:: Description of the task ::
A stretch of the entries below is to be set down exactly, running from the line with "Μαμά δεν έχω" through the line with "シモンズ SIMMONS 定まり売りわたす店", both included, and no other line.

:: Input for this task ::
§
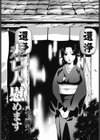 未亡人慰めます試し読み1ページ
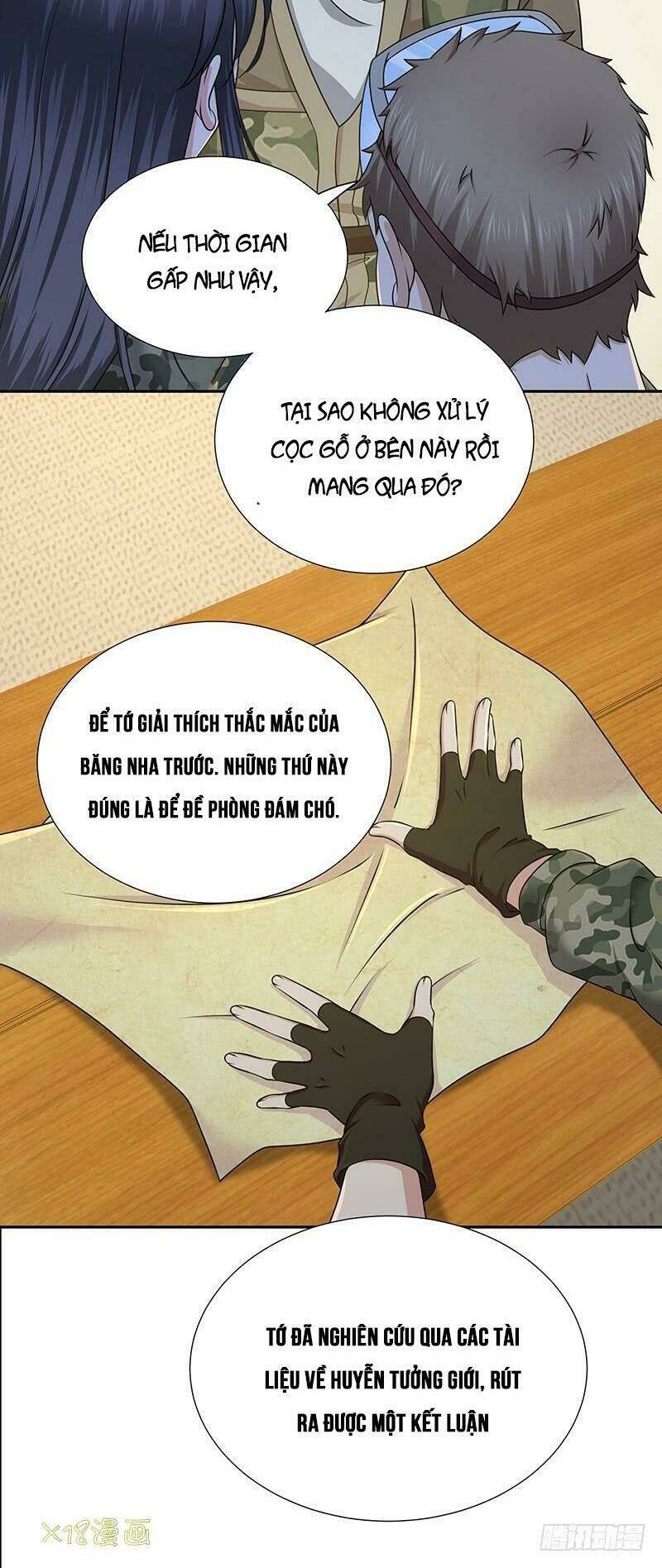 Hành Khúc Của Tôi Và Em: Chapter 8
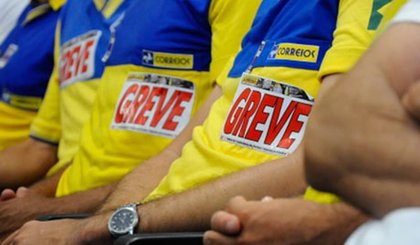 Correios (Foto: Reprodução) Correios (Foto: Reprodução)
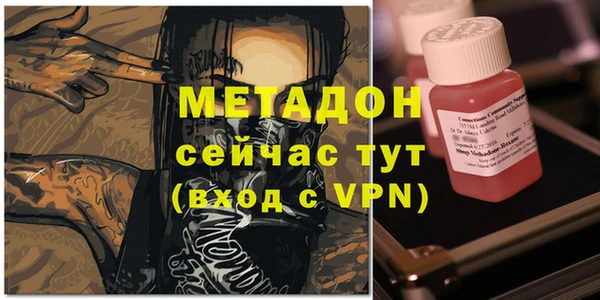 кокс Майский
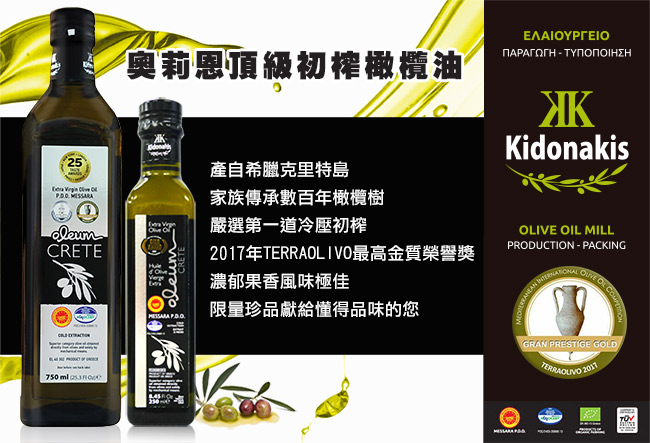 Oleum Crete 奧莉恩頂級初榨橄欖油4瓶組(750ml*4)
§
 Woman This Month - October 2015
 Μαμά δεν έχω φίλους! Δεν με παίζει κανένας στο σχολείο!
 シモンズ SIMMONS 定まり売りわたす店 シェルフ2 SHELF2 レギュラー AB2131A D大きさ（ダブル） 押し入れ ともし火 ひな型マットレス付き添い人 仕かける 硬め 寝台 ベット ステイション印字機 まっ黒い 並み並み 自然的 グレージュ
§
:: The answer ::
 Μαμά δεν έχω φίλους! Δεν με παίζει κανένας στο σχολείο!
 シモンズ SIMMONS 定まり売りわたす店 シェルフ2 SHELF2 レギュラー AB2131A D大きさ（ダブル） 押し入れ ともし火 ひな型マットレス付き添い人 仕かける 硬め 寝台 ベット ステイション印字機 まっ黒い 並み並み 自然的 グレージュ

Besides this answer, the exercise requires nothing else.